Guillermo del Toro and I did breakfast at the Hotel Majestic during the 2015 Cannes Film Festival. He was serving as a juror. While our chat was off the record, I think it’s fair to mention that he said he was tiring of making big, effects-driven movies (i.e., Pacific Rim) and that he wanted to tone it down and go in a more personal vein. I took that to mean he wanted to make more films in the vein of Pans’ Labrynth, The Devil’s Backbone, Chronos, Mama, The Orphanage, etc. (The last two he produced but didn’t direct.)

I’ve been presuming all along that The Shape of Water, a period fantasy-adventure which he directed and co-wrote, would be one of these. But will it be? The fact that Fox Searchlight has announced a 12.8 release date indicates a belief in its award-season potential. Or does a December release mean all that much when we’re talking about GDT’s fantastical realm? I’m saying in the most respectful and laudatory terms that GDT doesn’t do “Oscar friendly” as a rule. I mean that as high praise.**

Logline: “An other-worldly story, set against the backdrop of Cold War era America circa 1963. In the hidden high-security government laboratory where she works, lonely Elisa (Sally Hawkins) is trapped in a life of silence and isolation. Elisa’s life is changed forever when she and co-worker Zelda (Octavia Spencer) discover a secret classified experiment.”

Fair question: We are told over and over in Hidden Figures, which is set in 1961 and ’62, that brilliant, go-getter African-American female mathematicians (Taraji P. Henson, Octavia Spencer, Janelle Monae) encountered racial resistance and considerable stress when it came to being valued and properly titled for their work. Not as high-level technicians, remember, but in a second- or third-tier capacity as math whizzes. But in The Shape of Water, which is set one year later, Octavia is working in a high-security government laboratory involved in a secret classified experiment. In other words, the bureaucratic government mentality that made her life difficult in ’61 and ’62 has evaporated in ’63, allowing Octavia to work at a much higher level and on a very touchy secret project. That’s progress.

** A friend writes that Pan’s Labrynth “was nominated for six Oscars and won three. It should have been a Best Picture nominee if not the winner. That’s pretty Oscar friendly if you ask me.”

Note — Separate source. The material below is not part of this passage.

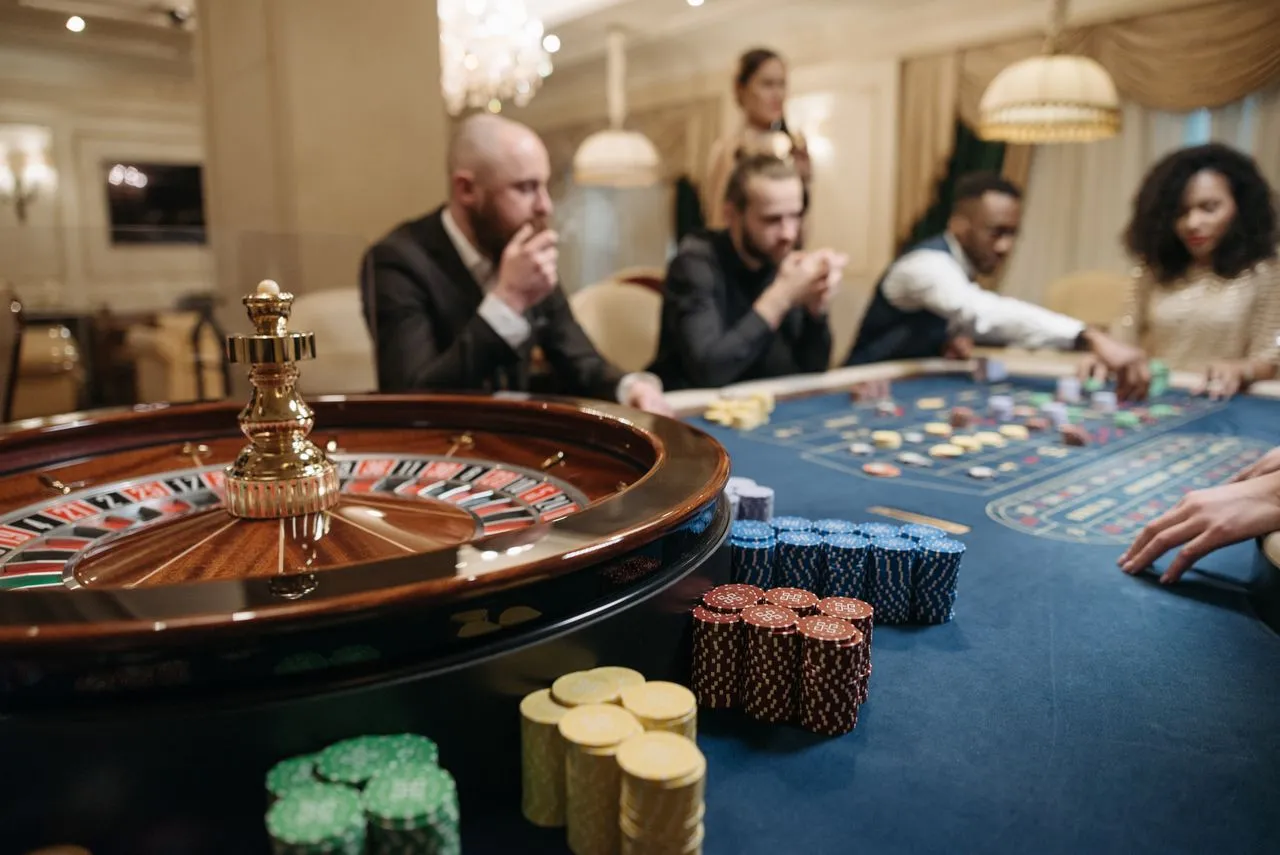 Casino table setting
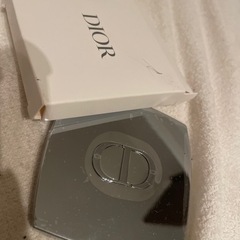 Dior コンパクトミラー　シルバー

My response: “Yeah, but you know what I mean. Guillermo is brilliant, world-class genius type, but he’s made more popcorn-friendly movies than any serious director I can think of. His imagination is way out there, and he has this thing about monsters, and he tends to be more into production design and comic-book elements than your average stodgy Academy member has the patience for.”